Thanks for writing std.hash, I think lots of people need it.

August 07, 2012

Re: The review of std.hash package

Posted by Piotr Szturmaj
in reply to Johannes Pfau

Piotr Szturmaj

Posted in reply to Johannes Pfau

Johannes Pfau wrote:
> As I had some free time and nobody else stepped up I implemented it,

I tried it before but I wanted to create whole crypto package at once, and I guess it was a huge mistake. I know you have used my code in your uuid module, you can use it to add it to std.hash if you want. There are all SHA implementations, MD5 and a Tiger (both versions). They all support bit hashing and work with CTFE.

I made a quick look at your proposal, but currently don't have time to do a deep investigation :). One note though. I don't think it's neccessary to maintain two different API sets. Sure, classes need heap allocation but usually that's only one allocation, it's more important to not allocate during algorithm computations. Fortunately crypto algorithms don't do this. So, struct allocation efficency is negligible here.
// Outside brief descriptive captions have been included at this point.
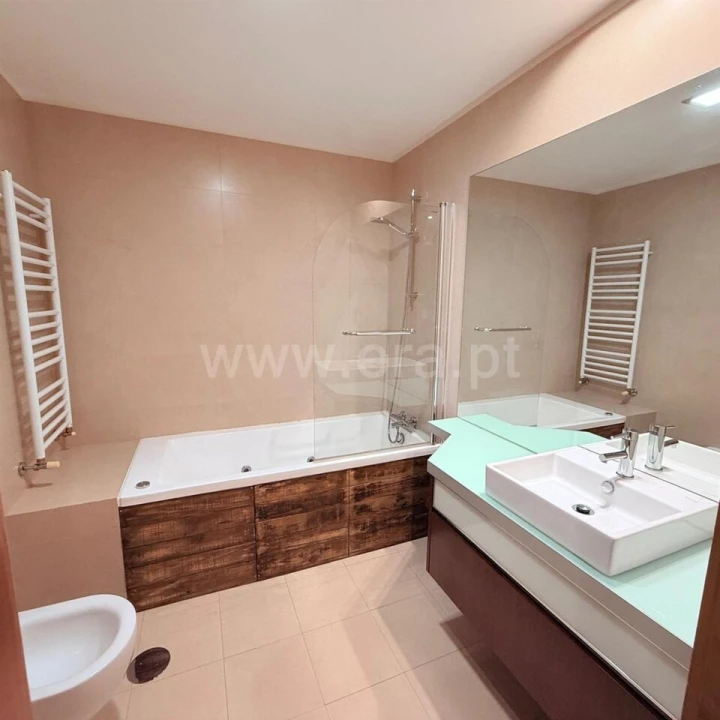 Apartamento T3 para Venda em Oliveira do Douro Foto 7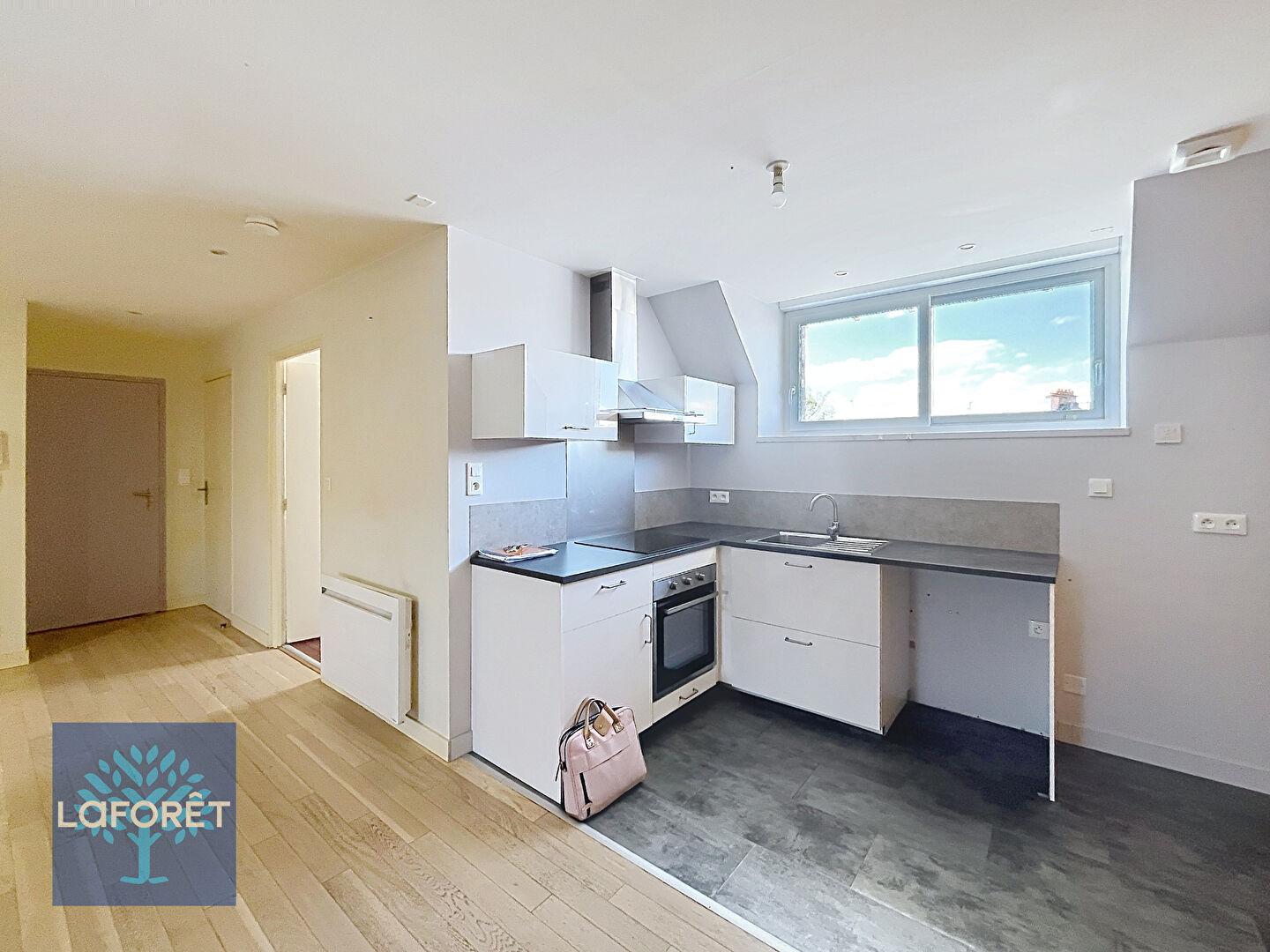 Maison à louer, 57m², FOUGERES
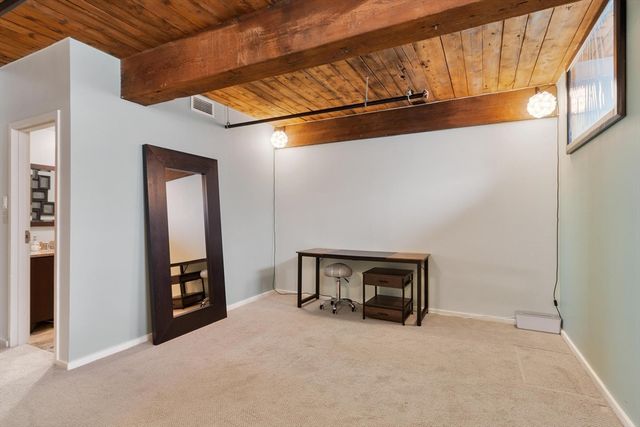 1 Envelope Ter 107, Worcester, MA 01604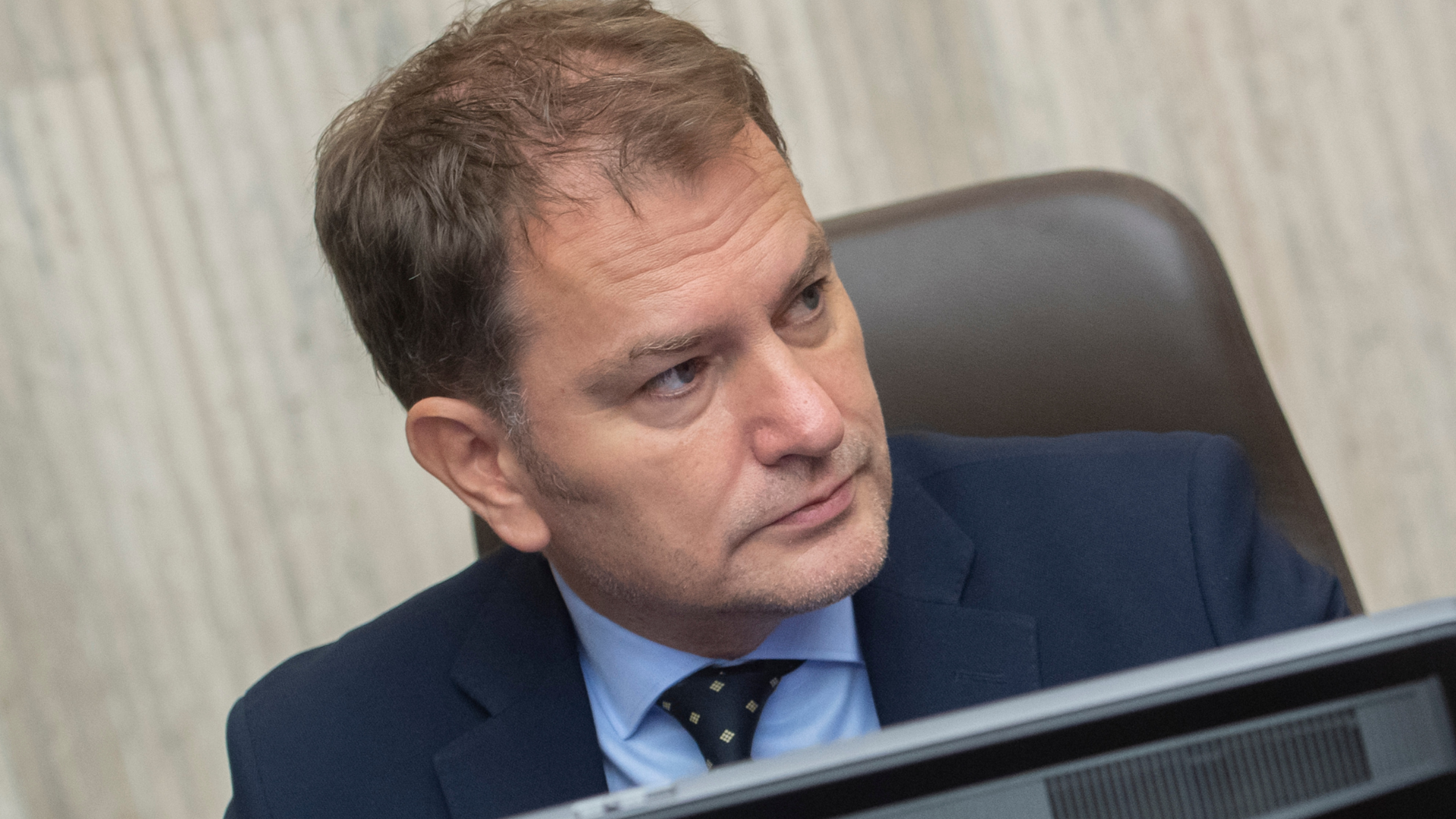 Igor Matovič pozerá do strany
I think separate struct based API set is not worth it (or I'm missing something not related to allocation cost).

August 08, 2012

Re: The review of std.hash package

Posted by Walter Bright
in reply to Dmitry Olshansky

Walter Bright

Posted in reply to Dmitry Olshansky

On 8/7/2012 10:39 AM, Dmitry Olshansky wrote:
> std.hash.hash is a new module for Phobos defining an uniform interface for
> hashes and checksums. It also provides some useful helper functions to deal with
> this new API.

The hash functions must use a Range interface, not a file interface.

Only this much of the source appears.